Modern APIs support parallel tool calls — the model can request multiple tools in a single response. This is not just an optimization; it changes agent behavior. A model that needs to read three files will request all three simultaneously rather than sequentially:

# A single assistant message might contain:
# tool_calls = [read_file("a.py"), read_file("b.py"), read_file("c.py")]
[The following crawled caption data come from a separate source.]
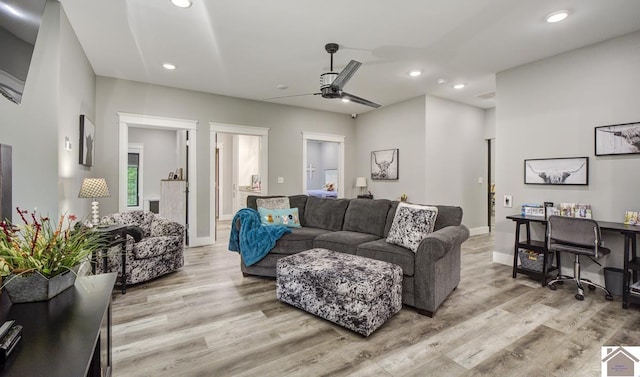 1 Logan Trl, Murray, KY 42071 - living room featuring a ceiling fan, light wood finished floors, recessed lighting, and an office area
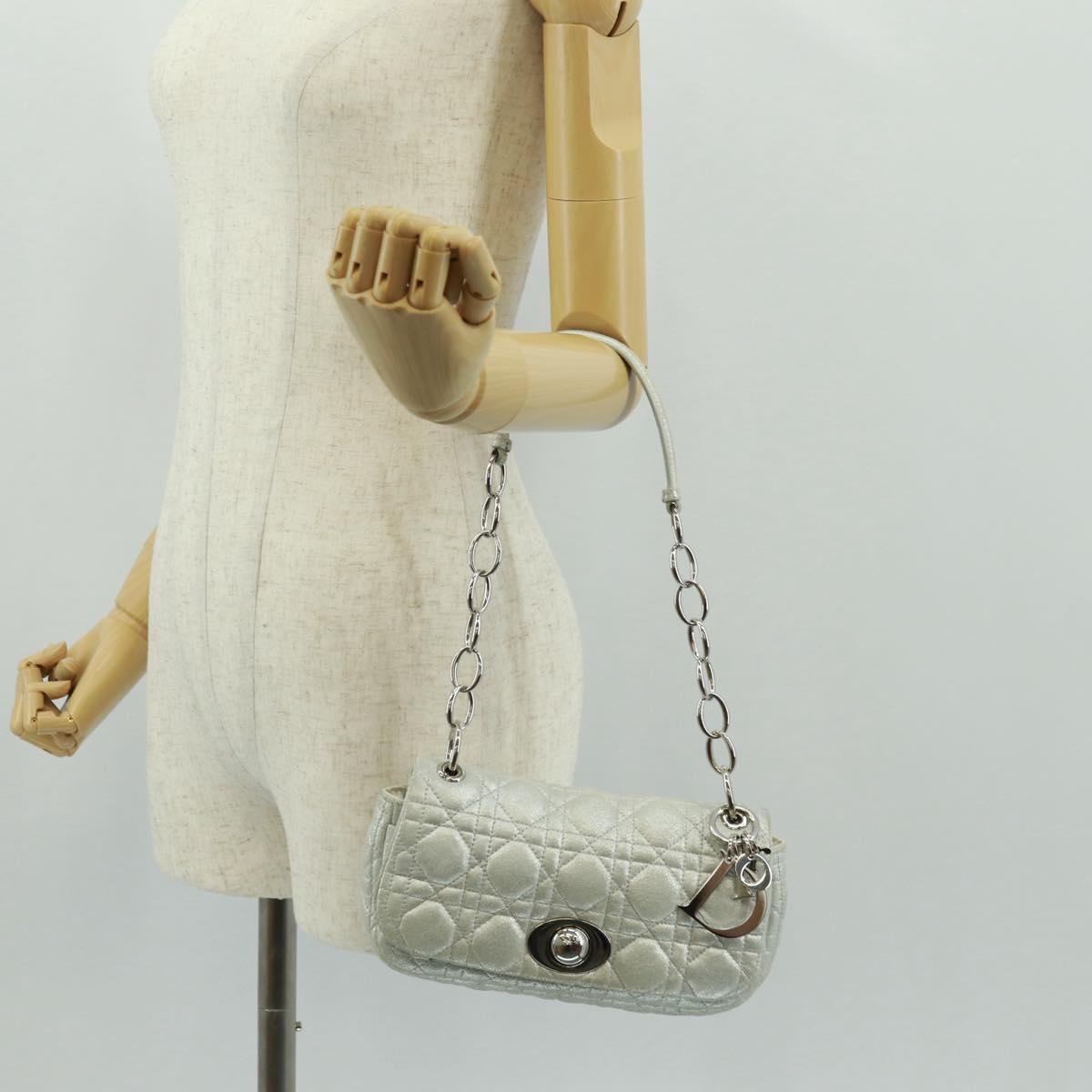 Christian Dior Canage Chain Shoulder Bag Suede Silver Auth 165547V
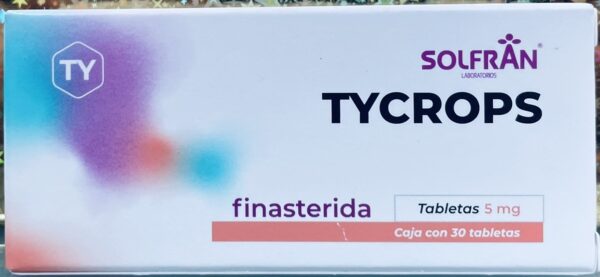 Tycrops Finasterida 5 mg caja con 30 tabletas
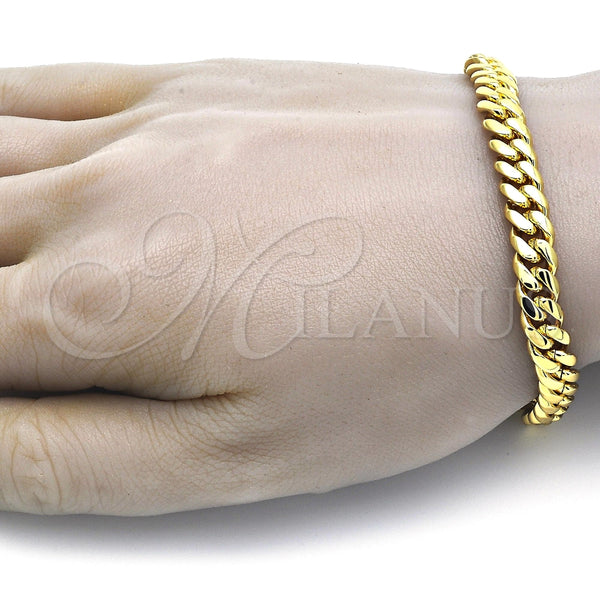 Pulsera Básica 03.278.0003.09 Acero Inoxidable, Diseño de Miami Cubana, con Blanca Zirconia Cubica, Pulido, Tono Dorado (08 MM Thickness, 9 Inches Length)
for tool_call in assistant_msg.tool_calls:
    result = dispatch_tool(tool_call)
    messages.append({
        "role": "tool",
        "tool_call_id": tool_call.id,
        "content": str(result)
    })
# All three results are appended, then the model sees them all at once

Turn Budget and Exit Conditions

The loop needs clear exit conditions beyond max_turns:

Condition	Action
No tool calls in response	Return the text — agent is done
Max turns reached	Raise error or force summarization
Token budget exceeded	Trigger context compression, then continue
Consecutive identical tool calls	Likely stuck — escalate or abort
Human interrupt signal	Pause loop, surface current state

def detect_loop(messages: list, window: int = 3) -> bool:
    """Detect if the agent is stuck calling the same tool repeatedly."""
    recent_calls = []
    for msg in messages[-window * 2:]:
        if hasattr(msg, 'tool_calls') and msg.tool_calls:
            recent_calls.extend(
                (tc.function.name, tc.function.arguments) for tc in msg.tool_calls
            )
    if len(recent_calls) >= window:
        return len(set(recent_calls[-window:])) == 1
    return False

Streaming in the Loop

Production harnesses stream the model's output token by token while the loop runs. This is important for user experience — the human sees the agent "thinking" in real time, not staring at a blank screen:

for turn in range(max_turns):
    stream = llm.chat(messages=messages, tools=tools, stream=True)

    tool_calls = []
    text_chunks = []

    for chunk in stream:
        delta = chunk.choices[0].delta
        if delta.content:
            text_chunks.append(delta.content)
            emit_to_user(delta.content)  # Real-time streaming
        if delta.tool_calls:
            accumulate_tool_calls(tool_calls, delta.tool_calls)

    if not tool_calls:
        return "".join(text_chunks)

    # Execute tools and continue loop
    ...

Common Pitfalls

No turn limit — The single most common harness bug. Always set a maximum.
Swallowing tool errors — If a tool fails silently, the model will retry or hallucinate success. Always return error messages as tool results so the model can adapt.
Appending raw results — Large tool outputs (entire files, API responses) bloat the context window. Truncate or summarize before appending.
Ignoring parallel calls — If your loop processes tool calls sequentially but the model issued them in parallel, you may create ordering dependencies that don't exist.